Here’s what makes mosaics extraordinary:
The pieces aren’t identical. They’re not competing to be “the best tile.” Some are large, some tiny. Some catch the light, some provide necessary shadow. Some are at the center, some at the edges.
But remove any single piece, and there’s a hole.
The picture isn’t what it’s meant to be.
You are one of those pieces.
Not because you’re exceptional or flawless or perfectly shaped.
Because your particular presence - right where you are - is essential to the whole.
WHAT THE FOREST FLOOR KNOWS ABOUT MATTERING
Beneath every forest runs an invisible network - miles of fungal threads connecting tree to tree, plant to plant. The mycelium.
Scientists call it the “wood wide web.”
Through it, a mother tree sends nutrients to her struggling saplings. A dying tree passes its resources to its neighbors. Information travels - warnings about insects, signals about seasons, gifts of carbon and water.
No tree thrives alone.
Each one matters not because it’s the tallest or strongest, but because of what it contributes to the network. And what it receives. How its particular presence creates conditions for others to thrive.
The forest knows something we’ve forgotten:
Mattering happens in the interconnection, not the competition.
THE HANDS YOU’LL NEVER SEE
This morning, you probably drank coffee.
Have you ever traced the interdependence in that cup?
The farmers who grew the beans - whose names you’ll never know. The people who transported them. Who roasted them. Who designed the bag. Who stocked the shelf. Who built the road the truck drove on. Who invented the brewing method you used.
Hundreds of people you’ll never meet contributed their presence for you to have that moment of warmth in your hands.
And you - in your ordinary Tuesday morning - are doing the same for others.
The email you sent that arrived at exactly the right moment. The smile you gave the stressed cashier. The way you listened to your friend’s worry. The work you did that someone else’s work depends on.
You’re essential to the mosaic.
The question isn’t “Do I matter?”
The question is: “How am I being wholeheartedly myself in the mosaic of my life?”
WHAT I LEARNED ON AN ACUTE CARE MENTAL HEALTH UNIT
I loved the years I spent facilitating groups on an acute care mental health unit - helping people answer the question of mattering. People arrived on the unit
feeling hopeless and alone - they couldn’t see a way forward. They questioned whether existing was even worth the effort.

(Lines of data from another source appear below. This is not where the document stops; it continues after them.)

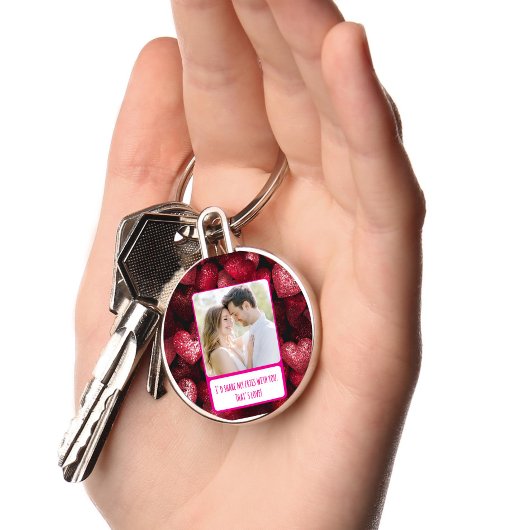 Glittery Liebe Meine Freunde teilen Schlüsselanhänger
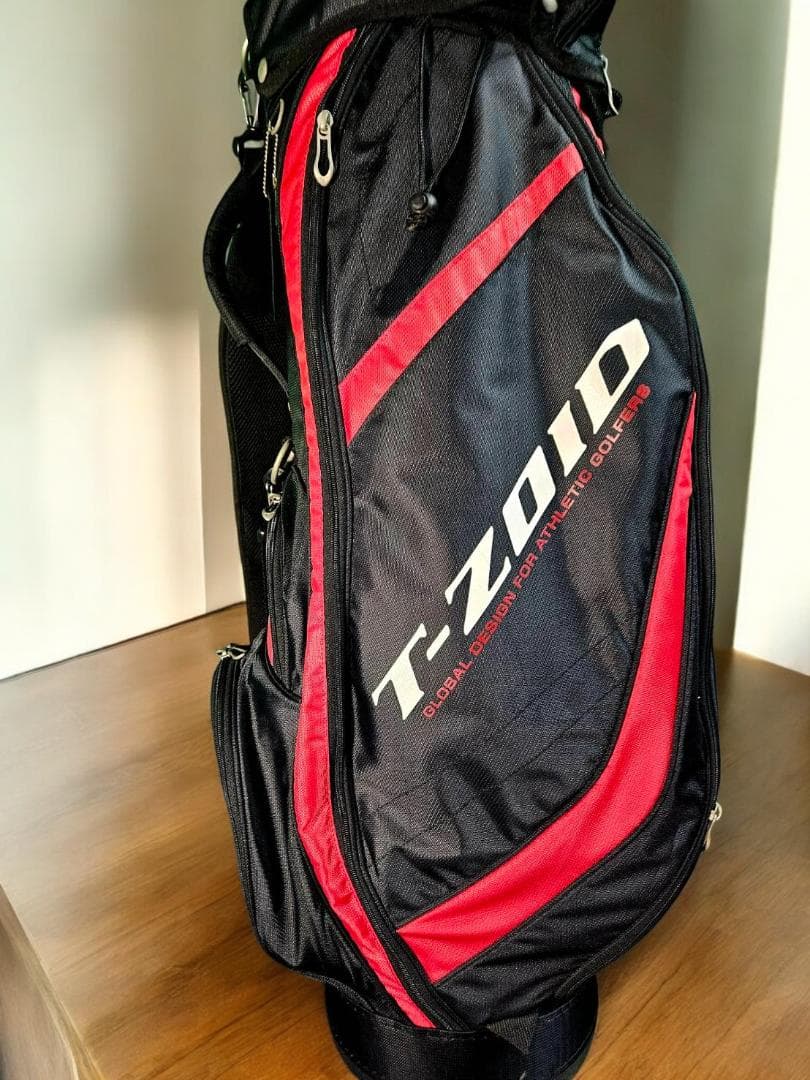 送料無料/美品　Mizuno T-ZOID ゴルフバッグ・キャディバッグBK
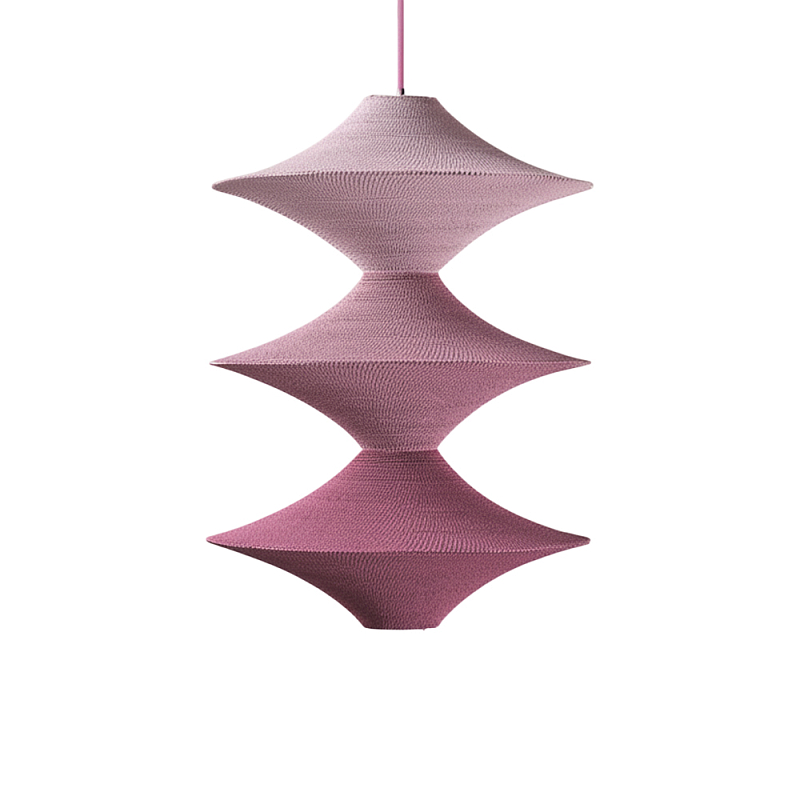 Подвесной вязаный розовый светильник «Звезда Востока 03» Розовый в Уфе | Loft Concept 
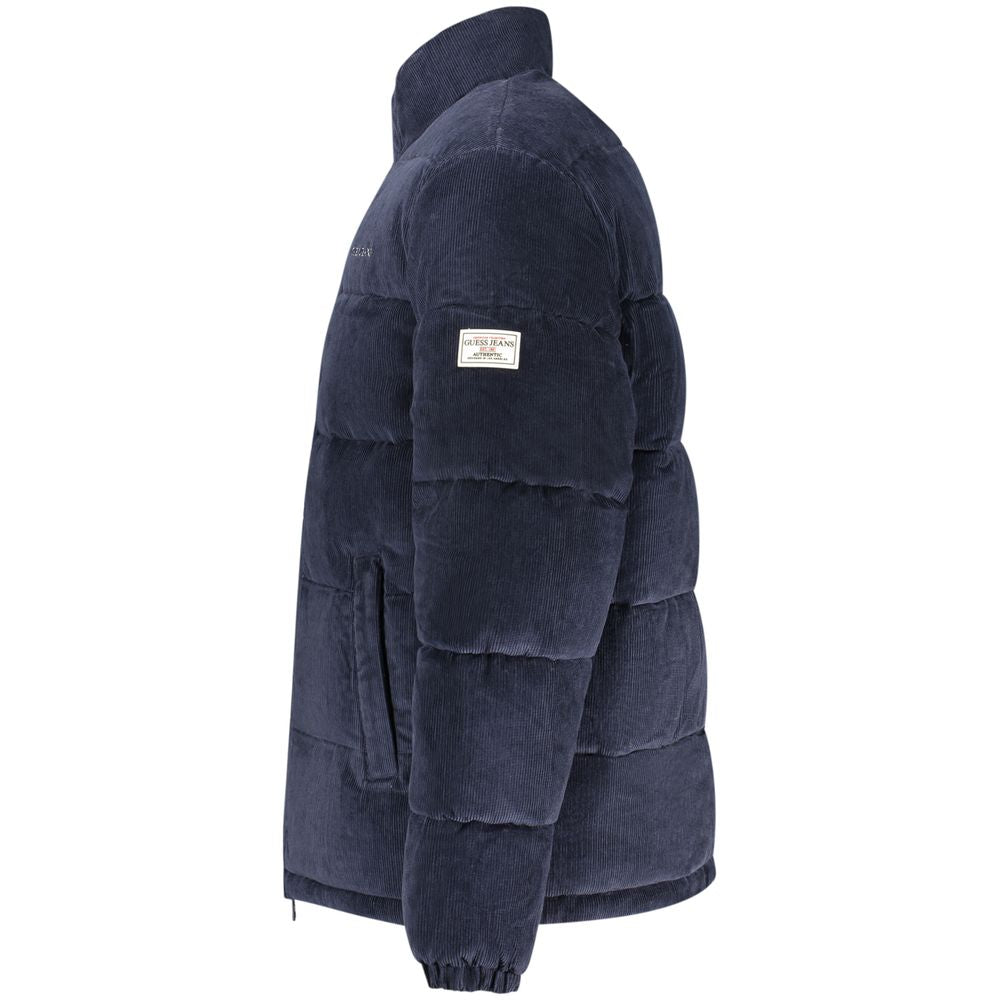 Guess Jeans Blue Polyester Men's Jacket | Regal Royce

And I watched something extraordinary happen:
People started recovering when they felt connected to the mosaic again. During their stay they had time to reflect on their everyday life. And on their discussions with staff, group participation and talks with other patients.
And many realized:
their presence and perspectives matter
someone actually wanted to hear their story
they benefited from hearing other people’s perspectives on how to live their life
they can influence change by pursuing wholeness - not by overreacting to dysfunction
From “is life worth living?” to “living my life as me matters”.
WHATRESEARCH CONFIRMS
Jennifer Wallace, in her newly released book “Mattering: The Secret to a Life of Connection and Purpose”, captures this beautifully: ´Healthy mattering is feeling valued both for who we are and for what we contribute.´
Her research confirms what I’ve witnessed in acute care groups and therapy rooms - we need both the inherent “you matter because you exist” AND the participatory “what you bring matters to others.”
She shares a Jesuit saying her family uses: “Not better than others, but better for others.”
That shift - from competing to stand out to contributing to lift up - makes life more meaningful.
Not trying to be the brightest tile.
Making your corner of the mosaic richer because you were in it.
THE NASA JANITOR STORY
There’s a story - variously attributed to President Kennedy, a reporter, or simply passed down as NASA legend - about a janitor mopping floors in 1962. When asked what he was doing, he replied:
“I’m helping to put a man on the moon.”
Whether this happened exactly as told, the truth it captures is undeniable.
Not “I’m mopping.”
Not even “I’m keeping this building clean.”
“I’m helping put a man on the moon.”
He understood something profound: His particular piece - bringing wholehearted presence to the work that was his to do - was essential to the whole picture.
Clean premises kept the equipment working well and allowed engineers to focus on their calculations. And when Armstrong stepped onto lunar dust, that janitor got to cheer too - because he’d been part of the mosaic all along.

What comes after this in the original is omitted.